Parallel resistance confusion ( fire alarm system )

Discussion in 'General Electronics Chat' started by EEjack, Sep 30, 2009.

  1. EEjack

    Thread Starter New Member

    Sep 30, 2009
    I am troubleshooting a fire alarm system that has strobe circuits. The strobes have a positive and negative terminal. Putting my multimeter across the terminals (+ to +, - to -) I read 79K ohms. The other way (+ to -, - to +) I read nothing. All very normal and typical of what I would expect a fire alarm strobe to do.

    An example circuit of 2 strobes are wired in parallel and at the end of the circuit there is a 24K ohm resistor. Reading the circuit in what we would consider standby or monitoring mode (+ to -, - to +) I read the 24K ohm resister perfectly. However in active mode (+ to +, - to -) instead of reading something like 15K I am reading 22K.

    Doing the math 1/14.929 = 1/79 + 1/79 + 1/24

    I realize I am missing something amazingly obvious as the system works, strobes do their thing, panels are happily monitoring the strobes, but I do not understand where I have gone astray.

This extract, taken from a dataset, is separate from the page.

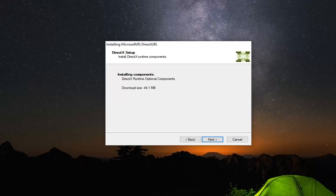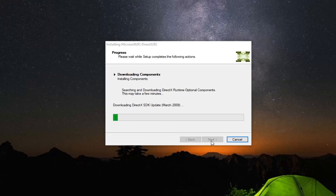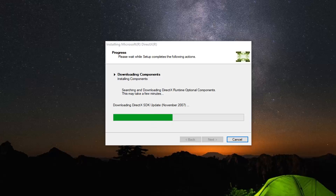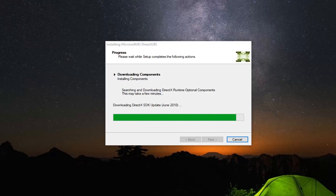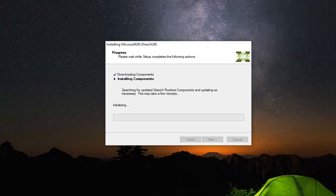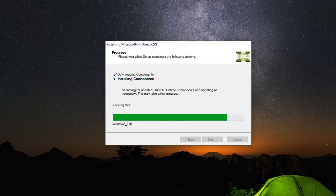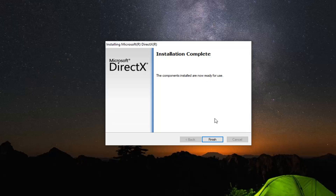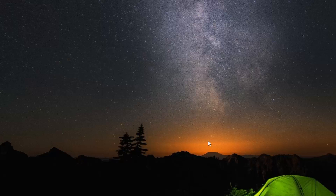This should take a moment, so please be patient. Then select Next again. Once it's done it should say the components installed are now ready for use. Go ahead and left click on Finish. At this point I would just restart your computer and hopefully that was able to resolve the problem.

    Thank you for your time and kind attention,

  2. ifixit

    AAC Fanatic!

    Nov 20, 2008

    Your multimeter is designed to read pure resistances only with the circuit not powered. The strobe terminals appear to have a diode, or similar non-linear device, in series with the resistance, which will give you a reading that is difficult to predict. Diodes read open in the reverse direction, and some resistance in the forward direction. The reading will vary depending on, the meter design, meter battery voltage, diode type and temperature.

    Putting a resister in parallel with this kind of circuit may very well not give you the reading that is calculated.

  3. gerty

    AAC Fanatic!

    Aug 30, 2007
    You probably have a diode across the strobe to polarize it.
    That way the panel can send a small current through it to make sure it's still connected. The resistor at the last device is called the EOL or End Of Line
    resistor. The small current is passed by that resistor back to the panel for supervision. What that means is if the voltage goes away, the line is broken,
    and if the voltage goes high (no drop across resistor) the line is shorted.
    In the standby mode the polarity is reversed from the alarm mode.
    I don't follow your math, what are the numbers and what are you calculating for?
  4. EEjack

    Thread Starter New Member

    Sep 30, 2009
    You are correct about how things are working. I am trying to understand why in a circuit of two strobes ( which each read 79K ohms ) and one end of line resistor (24K ohms) instead of reading 15K ohms I am reading 22K ohms.

    In circuits ranging from 2 through 8 strobes my readings through hover in the 22K ohm range. If the strobes acted like true non variable resistors this should not happen. Obviously they are not.

    In the many years I have troubleshot systems like this it never occurred to me to explain why ... until an apprentice challenged me to explain it better than I had.